Volvo is jumping onto the anti-diesel bandwagon, the Swedish carmaker announcing that it plans to completely eliminate diesel engines from its line-up.

The manufacturer previously suggested that its current generation of diesel engines could be its last, and announced previous year that all its new cars launched from 2019 would have an element of electric drive, either with a hybrid or fully electric powertrain. Speaking at a Financial Times event on the future of transport, Hafan Samuelsson, Volvo's chief executive, said that "We're not saying diesel is more dirty, but it is more complicated and more expensive".

As mentioned above, the new S60 will be the first new Volvo without a diesel option. Come 2019, every Volvo in the lineup will be available as a mild-hybrid, plug-in hybrid, or battery-powered electric vehicle.

The new S60, a premium mid-size sports sedan, is based on Volvo's in-house developed Scalable Product Architecture (SPA), which also underpins the company's award-winning new 90 Series and 60 Series cars.

It will initially be available with a range of four-cylinder Drive-E petrol engines as well as with two petrol plug-in hybrid versions.

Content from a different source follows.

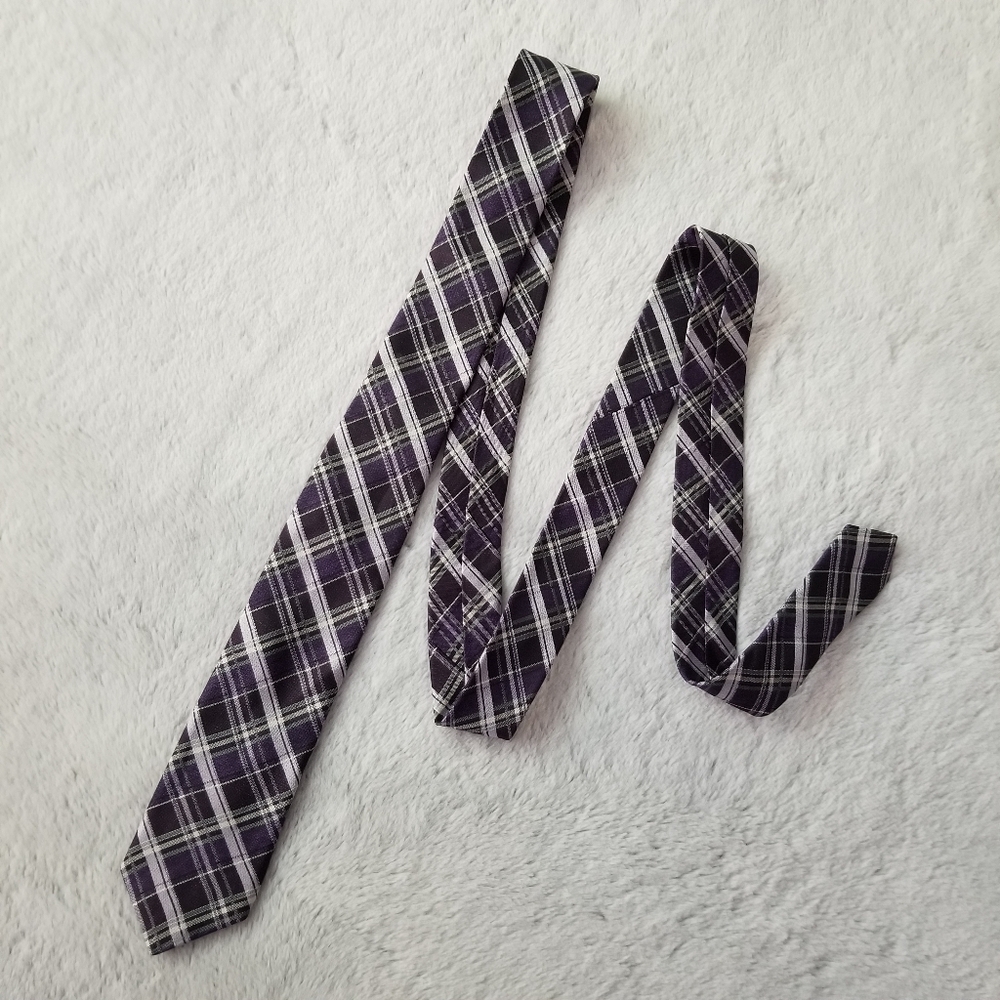 JOHN VARVATOS 100% Silk Slim Plaid Tie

In August a year ago the Geely-owned Swedish auto manufacturer publicised its target of selling one million electrified vehicles, stating that all of its new products will include an element of EV technology from 2019. The Charleston plant will be the only manufacturing location for the new S60, meaning American-built S60s will be sold in the United States market as well as overseas through exports. However, this likely means that recently launched models such as the XC40 will be spared from the diesel cull for at least the next few years.

But this is not going to happen overnight, as Volvo expects fully-electric cars to account for just 50 percent of its global sales by 2025 and even that estimation is perhaps a bit ambitious.